For starters, there’s Adam: a character with a lot of interesting, progressive ideas, yet with no roadmap about how he’s gotten there. He’s surrounded by pseudo-social justice warriors like his wet-blanket vegan girlfriend, Maya (Rory Uphold), who has varying levels of disinterest and disdain for anyone that doesn’t share her privilege. There’s an attempt to ground Adam’s interest in African-American culture via his dad/professor/thesis advisor/ “probably the most famous literary critic in the country” (Anthony Michael Hall in an utterly wasted role), yet their interactions are brief, and don’t provide the foundation that would explain Adam’s origin story.
The result of all of this is pretty cartoonish. All of the white people in Adam’s life are smiling racists that “hide” their prejudices by advocating for conspicuously well-spoken, mainstream African American celebrities like LL Cool J and Maya Angelou. They complain about people of color in their gentrified spaces and can’t seem to fathom why Adam would want to spend his time exploring Oakland’s urban culture. Thematically, all of this represents nothing more than a straw man narrative, as Adam’s world and the people in it are so aggressively awful that it would be shocking if they didn’t get their comeuppance (or Adam his redemption).
Ironically enough, it is the rap battles, with all their exaggerated posturing and whimsical prose, that offer up the most genuine, honest moments of Bodied. These scenes and the characters involved are as funny as the devil, and inject the movie with an unshakable charm and authenticity that the other parts of the effort simply don’t deserve.

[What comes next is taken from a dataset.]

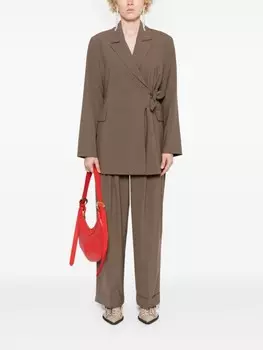 GANNI блейзер с запахом и поясом, коричневый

Behn and the other established battlers have a deeper understanding of the world’s actual racial and social dynamics than a dozen PhD’s or the hopelessly naïve Adam. They see through Adam’s good intentions and suburban curiosity in an instant, and perceive Adam for what he is: a cultural tourist at best, and an Indiana Jones style looter at worst.
This is regrettable, too, because there is a lot of potential in this movie. Using Adam as an audience surrogate to peel back some of the more nuanced forms of white suburban racism could have fostered a better understanding of perceptions of white, black, Asian, and Hispanic cultures from within and without. Furthermore, this notion that people can be racist within the context of a battle, then suppose to step outside of that realm to disavow such language, could work well as a stand-in for cultural appropriation, racial familiarity, and the concept of “passes.”
Writer/director Joseph Kahn cut his teeth in the music video industry, and has over twenty years of experience directing artists like Rob Zombie, Taylor Swift, The Backstreet Boys, Britney Spears, Janet Jackson, DMX, and dozens of others, crafting case-specific images for mass consumption. There is obviously a nebulous understanding of the themes toyed with in Bodied vis a vis the presentation of pop culture icons across several cultural fault lines, yet none of them really connect. Except for Behn, the characters in this movie don’t make a lot of sense, and fail to adhere to the logic of their own conceit. Narrative threads are spun into the open, only to dangle unresolved in many cases, and certain imagery (like the regular appearance of cats in almost every scene) don’t make any sense at all.
Playing on June 9th and 10th at this year’s Seattle International Film Festival, Bodied is a bit of a corpse: all the right pieces are there, yet it just doesn’t function. Interesting and timely ideas aren’t enough to elevate the material beyond the broad, hyper-realistic world the story lives within. And while it is clear that Kahn has some prescient ideas, as well as a flair for the visual, a slap-dash script devoid of fully realized characters or nuanced insight ultimately kills Bodied before it can find its feet.